▸ Problem description
Retype the material that follows exactly, limited to the lines from the one with "Donna Ceská Republika, Cesko, ceská" through the one with "Wall Mural - Chickpea", and keep out all pictures.

▸ Records for processing
Segment Open

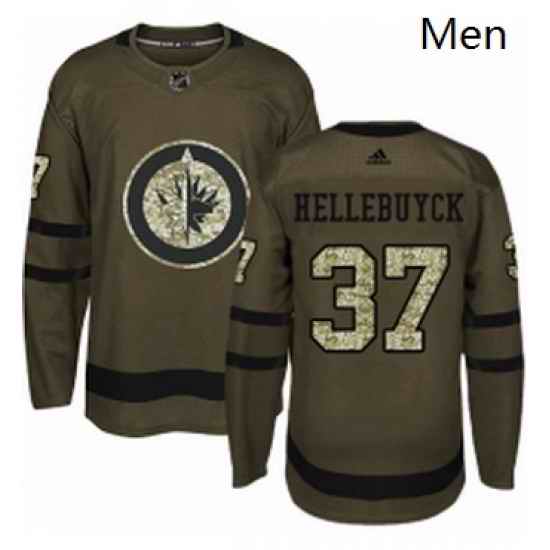 Mens Adidas Winnipeg Jets 37 Connor Hellebuyck Premier Green Salute to Service NHL Jersey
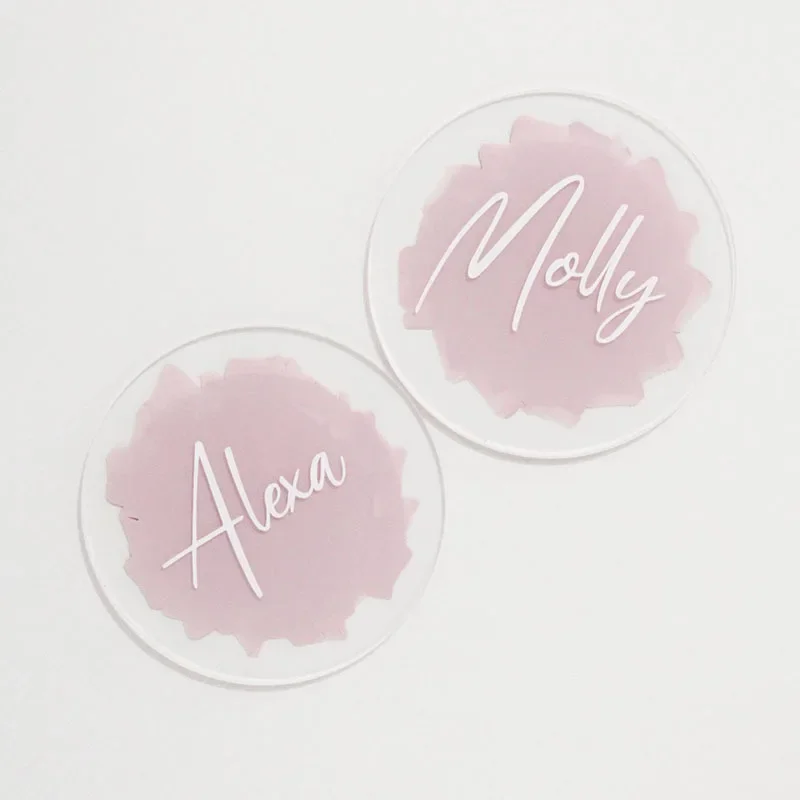 30pcs Round Acrylic Clear Cards Perspex Blank Name Place Sign Plain Tiles for Wedding Invitation Greeting Events DIY Key Chain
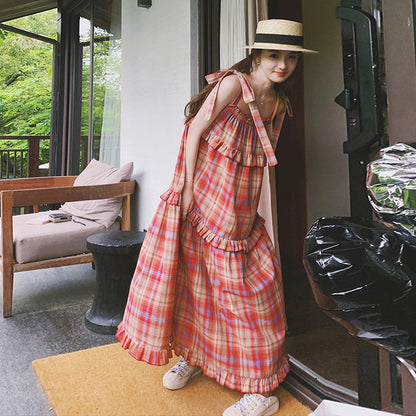 【ワンピース】海辺リゾート ゆったりシルエット 甘め優しげチェック柄ノースリーブワンピース【SHシリーズ】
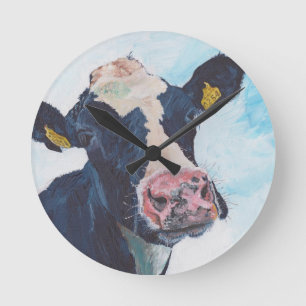 Wall Clock - 0254 Irish Friesian Koe Ronde Klok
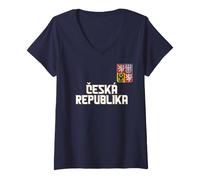 Donna Ceská Republika, Cesko, ceská vlajka, Bandiera patriottica Ceca Maglietta con Collo a V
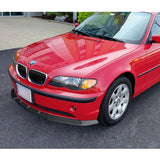 2002-2005 BMW 3-Series E46 Sedan Unpainted Matte Black 3-Piece Front Bumper Body Spoiler Splitter Lip Kit
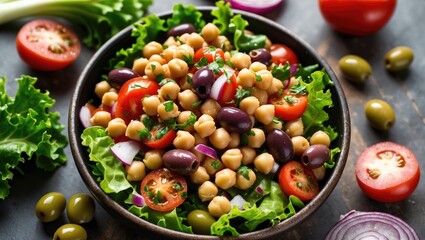 Wall Mural - Chickpea salad with cherry tomatoes, olives, red onion, and fresh lettuce on a wooden table with copy space for text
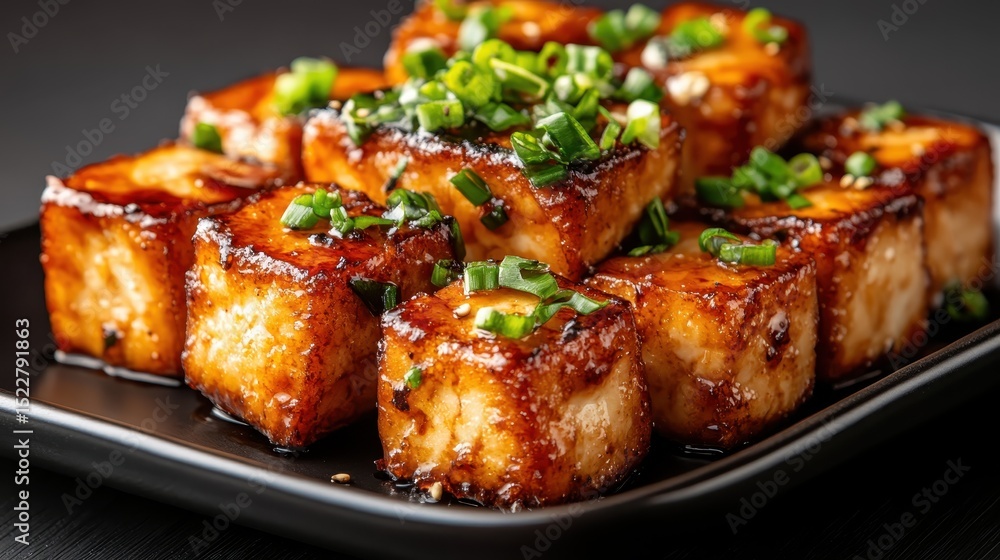 A plate of beautifully arranged glazed tofu cubes garnished with chopped green onions, highlighting a delicious and nourishing plant-based dish suitable for all diets. A plate of beautifully arranged glazed tofu cubes garnished with chopped green onions, highlighting a delicious and nourishing plant-based dish suitable for all diets.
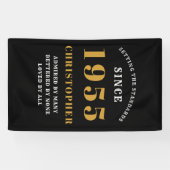 Banderoles 70e Anniversaire Né en 1955 Ajouter un nom Or Noir (Horizontal)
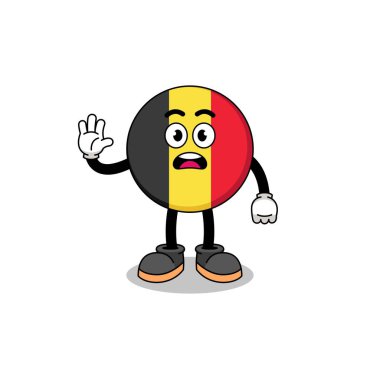 Belçika bayrak karikatür çizimi stop hand yapıyor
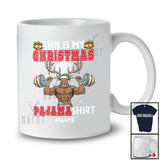 Personalized Custom Name My Christmas Pajama Shirt; Joyful Reindeer Weight Lifting; Workout T-Shirt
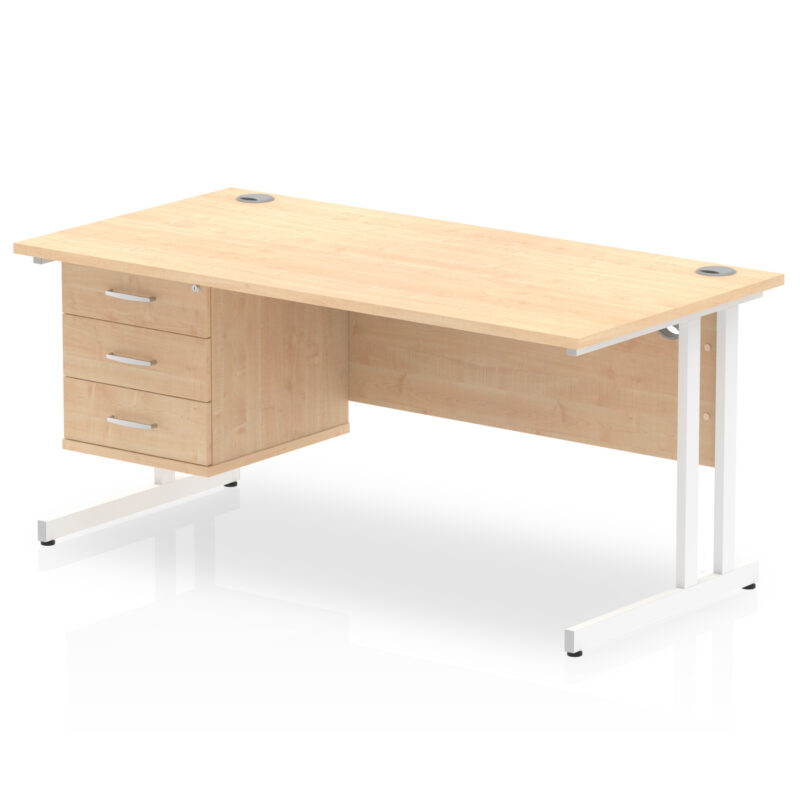 impulse 1600mm cantilever straight desk with single fixed pedestal
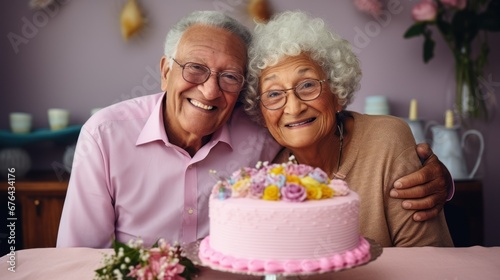senior people's day concept. happy multiethnic couple in love celebrates holiday with cake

Segment Closed

▸ Exercise result
 Donna Ceská Republika, Cesko, ceská vlajka, Bandiera patriottica Ceca Maglietta con Collo a V
 2002-2005 BMW 3-Series E46 Sedan Unpainted Matte Black 3-Piece Front Bumper Body Spoiler Splitter Lip Kit
 Wall Mural - Chickpea salad with cherry tomatoes, olives, red onion, and fresh lettuce on a wooden table with copy space for text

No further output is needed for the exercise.